Since $work is rather interested in shifting some of our products over to the ESP32 I've had a bit of time to investigate the effort that will be required in terms of NodeMCU. I've been "spiking" over on the DiUS dev-rtos branch to see what I can get going. Here's the overview so far:

If we can get our current NodeMCU to run stable on the ESP8266 with the RTOS SDK, it should be quite easy to get ESP32 support in I believe. If/when I get my hands on ESP32 hardware, I'll have an even better idea.

Oh, and the dev-rtos branch is subject to force-pushing and other unpleasant things, and it is most assuredly not ready for public consumption, but if you want to track my progress you'll see it there.

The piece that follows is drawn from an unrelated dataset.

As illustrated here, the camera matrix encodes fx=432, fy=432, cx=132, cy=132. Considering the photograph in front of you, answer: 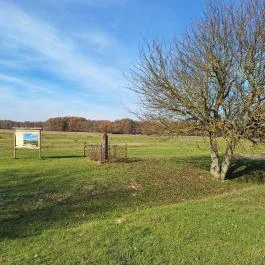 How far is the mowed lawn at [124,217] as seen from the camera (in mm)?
7516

TerryE commented 8 years ago

@jmattsson I will up the priority on the net over LwIP. I really wanted to go that way anyway, but this was the push that I needed.

About to hop on a Ferry and travelling for the rest of the day, but will post back at the weekend. :smile:

devsaurus commented 8 years ago

Took a fair chunk of work to find a good way to hi-jack the UserExceptionVector, but on the upside it's now also a whole lot faster than the previous one.

Is this improvement also applicable to our current firmware?

jmattsson commented 8 years ago

It could probably be moved over to the regular SDK with some care, but I haven't looked at that.

jmattsson commented 8 years ago

Okay, I'm at a Lua prompt now!

NodeMCU 1.5.1 build unspecified powered by Lua 5.1.4 on RTOS-SDK 1.4.0(c599790)
lua: cannot open init.lua
> 
=node.heap()
39240

The printf doesn't seem to support tabs(?!), because everything seems to end up on its own line, but that's for later... I seem to be running into the auto-bauder leaving things at 74880 until I bang characters at it, even when I've initialized the baudrate to 115200. I don't know what's up with that; @pjsg maybe you have some idea?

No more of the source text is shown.